Technische Vorzüge und Schwächen
Die K-3 besaß 2 Kernreaktoren, 2 Dampfturbinen und 2 Schrauben. Als Wärmeträger bzw. Kühlmittel der Reaktoren diente Wasser, da kompakte Abmessungen und Betriebssicherheit zentrale Anforderungen waren. Als Bewaffnung besaß es noch keine Raketen, sondern 8 Torpedorohre mit einem Kampfsatz von 20 Torpedos. Der Bootskörper war sehr schlank und für hohe Geschwindigkeiten ausgelegt.
Bereits bei den ersten Testfahrten wurde eine von sowjetischen U-Booten bislang nicht erreichte Tauchtiefe von 310 m erreicht. Die schon bei der Werkserprobung erreichten Geschwindigkeiten waren höher als erwartet und verliehen dem U-Boot zusammen mit den langen Tauchzeiten und der praktisch unbegrenzten Reichweite taktische Eigenschaften, die von konventionellen U-Booten nicht erreicht werden konnten.
Ein Hauptproblem war die beträchtliche freigesetzte Radioaktivität.
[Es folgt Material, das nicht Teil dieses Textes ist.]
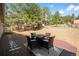 Wood deck featuring an outdoor table and chairs at 4185 Red Rock Dr, Larkspur, CO 80118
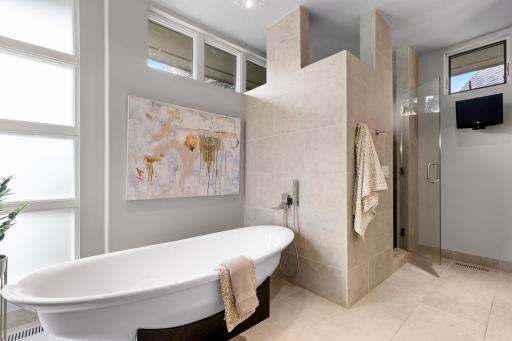 Spa-like ensuite bathroom featuring dual granite vanities, heated floors, pedestal tub, and river rock walk-in shower.
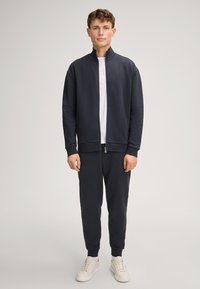 Felpa zip-up navy con polsini e vita a coste, abbinata a pantaloni jogger coordinati. T-shirt bianca sotto e sneakers bianche.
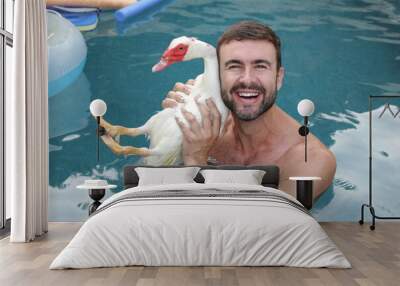 Man and his cute duck pet on vacations together Wall mural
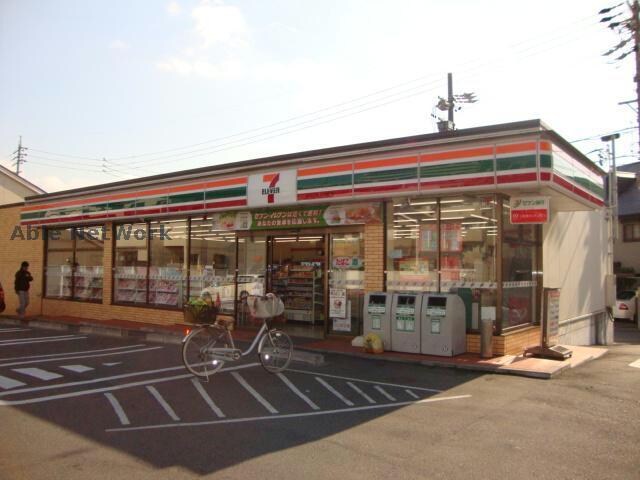 セブンイレブン名古屋鳴海町薬師山店(コンビニ)まで405m ルミナスＢ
Nach einigen hundert Betriebsstunden bildeten sich mikroskopisch kleine Risse im Primärkreislauf und belasteten den Sekundärkreislauf und letztendlich die gesamte Mannschaft. Die resultierende Strahlenkrankheit der Besatzung wurde weitgehend ignoriert und unterschätzt. Das U-Boot verfügte im Vergleich zu späteren U-Boot-Generationen über praktisch keine Geräuschdämmung und war dadurch insbesondere bei hoher Geschwindigkeit sehr leicht zu orten. Generell galt die K-3 als technisch unausgereift und vor dem Hintergrund des Rüstungswettlaufes mit den USA als zu früh in Dienst gestelltes Waffensystem. Das U-Boot war entsprechend im Betrieb pannenanfällig und gefährlich. Notfallpläne im Falle des Reaktorversagens oder anderen schwerwiegenden Zwischenfällen besaßen untergeordnete Bedeutung.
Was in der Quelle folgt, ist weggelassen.